辛千雨道:“你说吧,我不会生气。”
童音道:“大前天小姐还在书院的时候,皇上赏赐了不少的珠宝和田地,这些地契都被纳入大夫人管理的库房之内,珠宝也是,关键的是这些赏赐都是都是老爷和夫人还有公子他们用在战场上用命换回来的。

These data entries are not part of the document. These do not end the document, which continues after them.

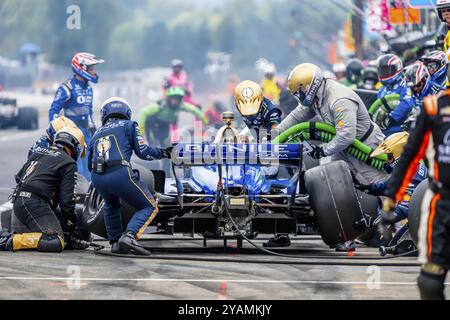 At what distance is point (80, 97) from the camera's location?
18906mm

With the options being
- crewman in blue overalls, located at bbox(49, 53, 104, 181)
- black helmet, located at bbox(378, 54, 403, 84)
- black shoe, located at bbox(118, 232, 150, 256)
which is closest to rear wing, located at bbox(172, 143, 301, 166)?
black shoe, located at bbox(118, 232, 150, 256)

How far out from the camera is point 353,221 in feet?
41.2

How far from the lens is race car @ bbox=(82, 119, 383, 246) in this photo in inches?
495

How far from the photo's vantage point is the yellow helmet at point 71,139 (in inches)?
523

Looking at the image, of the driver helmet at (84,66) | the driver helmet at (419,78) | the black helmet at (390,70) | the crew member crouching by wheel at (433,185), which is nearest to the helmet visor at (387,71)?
the black helmet at (390,70)

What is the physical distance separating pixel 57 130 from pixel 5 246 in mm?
1292

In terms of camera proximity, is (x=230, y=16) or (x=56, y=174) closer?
(x=56, y=174)

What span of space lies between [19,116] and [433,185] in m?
28.6

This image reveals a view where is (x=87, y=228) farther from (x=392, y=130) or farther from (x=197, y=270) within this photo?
(x=392, y=130)

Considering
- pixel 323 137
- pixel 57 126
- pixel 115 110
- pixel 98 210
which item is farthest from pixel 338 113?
pixel 57 126

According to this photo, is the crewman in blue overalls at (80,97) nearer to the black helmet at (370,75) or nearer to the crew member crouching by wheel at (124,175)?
the black helmet at (370,75) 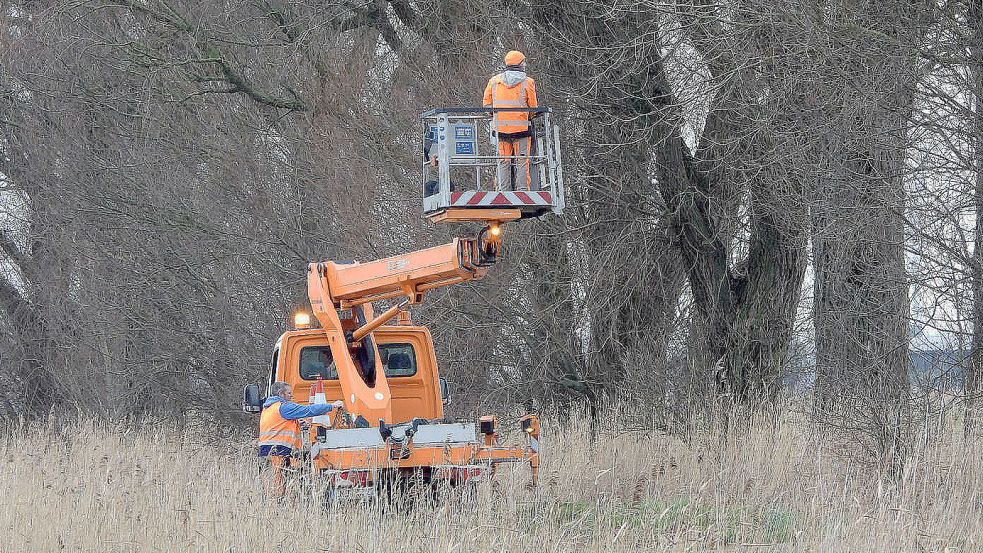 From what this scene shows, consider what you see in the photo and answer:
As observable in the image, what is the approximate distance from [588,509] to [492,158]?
291 centimetres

”可是和小姐没有丝毫的关系,就算是每个月任清霜给院子发放的银子,到了茂院这一块都很少很少。
辛千雨的眼神顿时一深,有种骤然起风暴的感觉。
饶是她知道大房和二房卑鄙无耻,可是现在听起来还是很气愤。
只是辛千雨的气愤和曹阳雪她们的气愤不一样。
辛千雨的愤怒有教养很多,她的语气冷冷,还带着深深的讽刺味道道:“给我五行送葬诅咒我,现在把我父母哥哥他们挣来的封赏全部纳为己用,真的可耻至极,荒唐至极。”

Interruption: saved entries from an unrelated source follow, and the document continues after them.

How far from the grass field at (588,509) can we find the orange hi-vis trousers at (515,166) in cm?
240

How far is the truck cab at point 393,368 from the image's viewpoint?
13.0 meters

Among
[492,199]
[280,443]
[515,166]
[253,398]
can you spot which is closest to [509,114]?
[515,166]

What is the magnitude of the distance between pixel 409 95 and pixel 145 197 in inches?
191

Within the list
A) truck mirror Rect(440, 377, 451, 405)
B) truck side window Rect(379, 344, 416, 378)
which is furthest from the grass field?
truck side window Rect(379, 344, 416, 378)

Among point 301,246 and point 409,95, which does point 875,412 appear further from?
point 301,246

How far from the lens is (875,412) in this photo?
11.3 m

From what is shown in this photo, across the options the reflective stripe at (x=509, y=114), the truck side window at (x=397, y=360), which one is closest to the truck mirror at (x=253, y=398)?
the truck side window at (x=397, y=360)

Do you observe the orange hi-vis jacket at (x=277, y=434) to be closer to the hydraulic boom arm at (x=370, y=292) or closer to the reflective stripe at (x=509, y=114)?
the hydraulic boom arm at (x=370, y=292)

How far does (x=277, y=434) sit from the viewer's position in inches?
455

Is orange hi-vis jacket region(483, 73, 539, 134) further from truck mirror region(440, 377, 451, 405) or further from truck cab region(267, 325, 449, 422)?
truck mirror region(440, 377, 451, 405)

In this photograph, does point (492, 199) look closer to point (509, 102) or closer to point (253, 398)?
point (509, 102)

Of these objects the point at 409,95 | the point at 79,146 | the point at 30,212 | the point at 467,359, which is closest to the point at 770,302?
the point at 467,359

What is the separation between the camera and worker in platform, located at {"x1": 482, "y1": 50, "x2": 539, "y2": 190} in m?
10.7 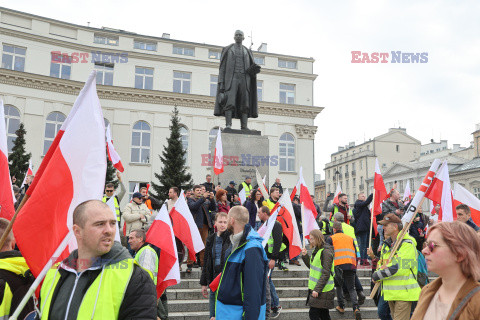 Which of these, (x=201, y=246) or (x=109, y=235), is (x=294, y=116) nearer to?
(x=201, y=246)

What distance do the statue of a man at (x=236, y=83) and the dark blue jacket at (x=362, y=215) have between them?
4304mm

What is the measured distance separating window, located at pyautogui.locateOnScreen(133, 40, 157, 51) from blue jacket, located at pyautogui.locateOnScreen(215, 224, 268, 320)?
1411 inches

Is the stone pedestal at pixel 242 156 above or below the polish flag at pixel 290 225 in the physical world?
above

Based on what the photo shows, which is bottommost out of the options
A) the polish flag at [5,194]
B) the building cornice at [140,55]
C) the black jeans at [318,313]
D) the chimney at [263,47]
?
the black jeans at [318,313]

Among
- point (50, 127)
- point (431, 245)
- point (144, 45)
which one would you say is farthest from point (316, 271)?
point (144, 45)

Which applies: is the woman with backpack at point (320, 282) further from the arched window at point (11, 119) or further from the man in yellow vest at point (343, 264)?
the arched window at point (11, 119)

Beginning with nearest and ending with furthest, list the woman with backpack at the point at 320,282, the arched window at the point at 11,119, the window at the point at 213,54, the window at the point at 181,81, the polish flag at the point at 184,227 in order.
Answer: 1. the woman with backpack at the point at 320,282
2. the polish flag at the point at 184,227
3. the arched window at the point at 11,119
4. the window at the point at 181,81
5. the window at the point at 213,54

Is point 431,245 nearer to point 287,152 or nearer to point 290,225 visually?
point 290,225

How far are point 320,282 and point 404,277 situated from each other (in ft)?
4.49

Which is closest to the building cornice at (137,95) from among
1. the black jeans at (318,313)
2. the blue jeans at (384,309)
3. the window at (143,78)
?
the window at (143,78)

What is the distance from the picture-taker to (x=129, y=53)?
3609 centimetres

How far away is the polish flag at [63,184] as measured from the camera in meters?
2.86

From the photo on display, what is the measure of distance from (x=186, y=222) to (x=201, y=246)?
518 millimetres

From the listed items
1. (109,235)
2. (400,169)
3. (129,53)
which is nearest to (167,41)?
(129,53) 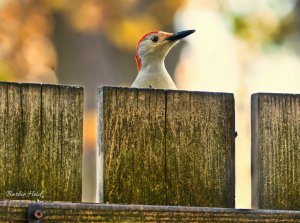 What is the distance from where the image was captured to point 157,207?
3.76 meters

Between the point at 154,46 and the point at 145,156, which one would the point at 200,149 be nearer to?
the point at 145,156

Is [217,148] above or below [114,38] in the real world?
below

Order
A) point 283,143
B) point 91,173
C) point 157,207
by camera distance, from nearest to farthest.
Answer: point 157,207 < point 283,143 < point 91,173

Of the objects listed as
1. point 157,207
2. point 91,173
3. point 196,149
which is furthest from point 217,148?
point 91,173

童音委屈道:“可不就是这样子吗?老爷夫人和公子被封赏的东西不少,每年都很多,但是小姐的日子是过的最清苦的,若不是有一个白鲜堂,指不定这两个月给我们的银子只够吃咸菜的。”
童音说的对,辛千雨也很明白。
辛千雨站起身子,道:“既然曹阳雪都要了一千两银子,我怎么滴也要一些再说,今天我先拿回来一点,下次我让她们把她们所有人的嫁妆都给吐出来。”

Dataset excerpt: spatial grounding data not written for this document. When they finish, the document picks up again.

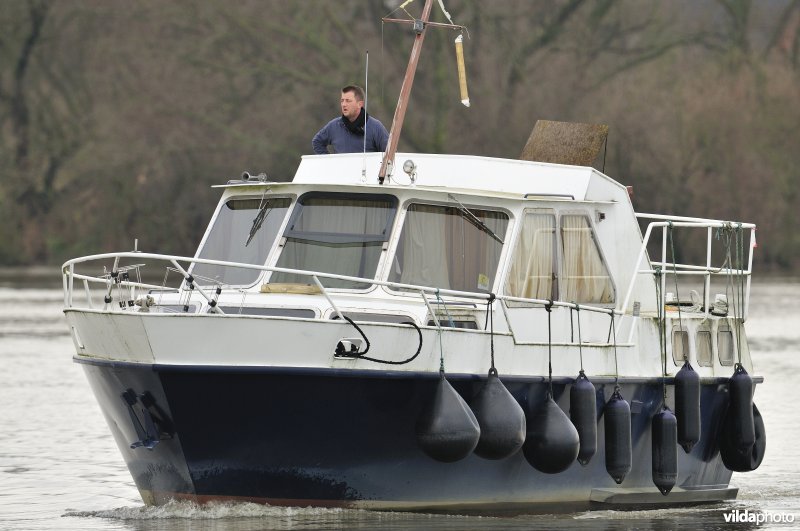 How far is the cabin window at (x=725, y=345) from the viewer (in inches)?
627

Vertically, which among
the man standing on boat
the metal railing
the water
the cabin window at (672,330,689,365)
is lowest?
the water

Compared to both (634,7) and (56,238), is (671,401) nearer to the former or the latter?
(634,7)

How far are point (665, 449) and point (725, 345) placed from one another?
175 cm

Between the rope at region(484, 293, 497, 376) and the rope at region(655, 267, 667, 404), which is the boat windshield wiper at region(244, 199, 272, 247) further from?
the rope at region(655, 267, 667, 404)

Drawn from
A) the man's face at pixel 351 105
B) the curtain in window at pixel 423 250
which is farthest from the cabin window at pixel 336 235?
the man's face at pixel 351 105

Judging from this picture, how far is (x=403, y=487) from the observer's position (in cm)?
1338

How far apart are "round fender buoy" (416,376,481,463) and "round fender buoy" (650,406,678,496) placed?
96.9 inches

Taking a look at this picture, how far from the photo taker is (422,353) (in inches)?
512

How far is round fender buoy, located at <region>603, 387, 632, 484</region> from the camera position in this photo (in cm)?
1408

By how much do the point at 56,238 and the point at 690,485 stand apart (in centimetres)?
4064

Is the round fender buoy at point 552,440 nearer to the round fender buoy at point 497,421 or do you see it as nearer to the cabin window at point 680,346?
the round fender buoy at point 497,421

辛千雨记得上一世辛籽香和辛鸢若出嫁的时候十里红妆,光是嫁妆就有四十五担。
每一担里面都是足量的。
著名的诗词名画,珠宝首饰,砚台花瓶,屏风玉石地契那些,还有银票这些小件的东西。
大件的东西柜子,椅子桌子,床,屏风,隔重精美的瓷器摆设都是极为名贵精致的。
这些嫁妆都是用辛家是三房的银子买的。
辛家原本薄弱,不算丰厚,可是辛仲十几岁开始就做了将士,然后年年都是胜仗,以至于辛家的家底越来越丰厚,辛家所有的人都过上了挥金如土的日子。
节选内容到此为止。